Gus Carfi, Executive Chairman at Safety Path parent company SmarterLite said:

“Safety Path photoluminescent signs are already installed in more than 60 Bunnings stores across Australia, as well as shopping centres, industrial plants and office buildings.

“Instead of complex electric exit signs that include parts that fail regularly, such as light globes, batteries and electrical components, Safety Path technology stores light in a thin photoluminescent wafer.
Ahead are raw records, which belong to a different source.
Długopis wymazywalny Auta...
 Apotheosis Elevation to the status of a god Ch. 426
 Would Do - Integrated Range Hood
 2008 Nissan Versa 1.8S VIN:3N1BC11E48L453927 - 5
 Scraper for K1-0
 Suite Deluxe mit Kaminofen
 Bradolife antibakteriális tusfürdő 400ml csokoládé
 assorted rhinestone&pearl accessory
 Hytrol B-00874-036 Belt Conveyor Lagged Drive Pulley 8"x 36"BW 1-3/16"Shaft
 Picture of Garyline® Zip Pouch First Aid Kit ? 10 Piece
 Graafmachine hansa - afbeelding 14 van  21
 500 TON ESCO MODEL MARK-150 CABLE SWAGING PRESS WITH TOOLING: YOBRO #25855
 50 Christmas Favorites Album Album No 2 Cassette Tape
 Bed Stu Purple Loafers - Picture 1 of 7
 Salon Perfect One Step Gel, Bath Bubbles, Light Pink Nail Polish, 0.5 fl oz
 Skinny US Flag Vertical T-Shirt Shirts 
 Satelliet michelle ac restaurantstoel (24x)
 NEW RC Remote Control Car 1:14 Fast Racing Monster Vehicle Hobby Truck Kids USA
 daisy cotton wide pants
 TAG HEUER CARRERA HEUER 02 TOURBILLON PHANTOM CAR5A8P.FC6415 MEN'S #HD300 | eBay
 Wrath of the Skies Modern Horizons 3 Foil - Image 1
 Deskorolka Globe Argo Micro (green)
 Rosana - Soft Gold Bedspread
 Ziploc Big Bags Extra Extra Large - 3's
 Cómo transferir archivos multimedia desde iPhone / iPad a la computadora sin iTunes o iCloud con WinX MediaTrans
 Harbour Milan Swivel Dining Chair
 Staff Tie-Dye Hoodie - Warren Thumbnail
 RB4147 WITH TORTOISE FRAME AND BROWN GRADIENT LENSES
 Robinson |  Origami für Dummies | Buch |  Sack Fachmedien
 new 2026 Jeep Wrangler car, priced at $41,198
With nothing electrical to fail, millions of building occupants are safer and compliance is simpler and cheaper.”

Mr Carfi, 30-year veteran of Visy Industries and former International Chief Operating Officer for the late billionaire paper-recycler Richard Pratt and later Anthony Pratt, said:

“Our data shows that clients can expect expenditure cuts of an average $150 per annum per sign, including cutting maintenance costs and the cost of regularly replacing electric exit signs.

“Carbon reductions of 1.6 tonnes over the life of each one of our signs will be achieved. This equates to saving industry hundreds of millions of dollars and is great news for the environment.”

“CEO’s, CFO’s and COO’s are often not aware of just how big their fleet of electric exit signs really is and, hence the associated ‘secret’ costs when comparing product lifecycles – the true measure of economic performance.”

“The cost of installing Safety Path exit signs is comparable to traditional electric exit signs, so the monetary savings begin from day one.”

Mr Carfi said electric exit signs carry a big burden, both for clients and the environment:

“Old tech electric signs are short-lived, requiring a whole range of systems and regulations to keep building occupants safe. That ultimately costs the environment, business and the community.

“Old-tech electric exit signs are built using out-dated technology that is prone to failure, require regular inspections, regular maintenance, regular replacement and generate tonnes of needless waste.”

“There are also complex and expensive computer systems to monitor electric exit signs, to report when they have failed. Safety Path signs don’t need those systems.”

“We’re pleased to support Grosvenor Engineering Group to enable their clients to reduce their fixed costs, improve safety and deliver their sustainability goals.

“Grosvenor clients can sleep better at night knowing that thousands of people in their buildings are safer and that the building infrastructure is more sustainable.”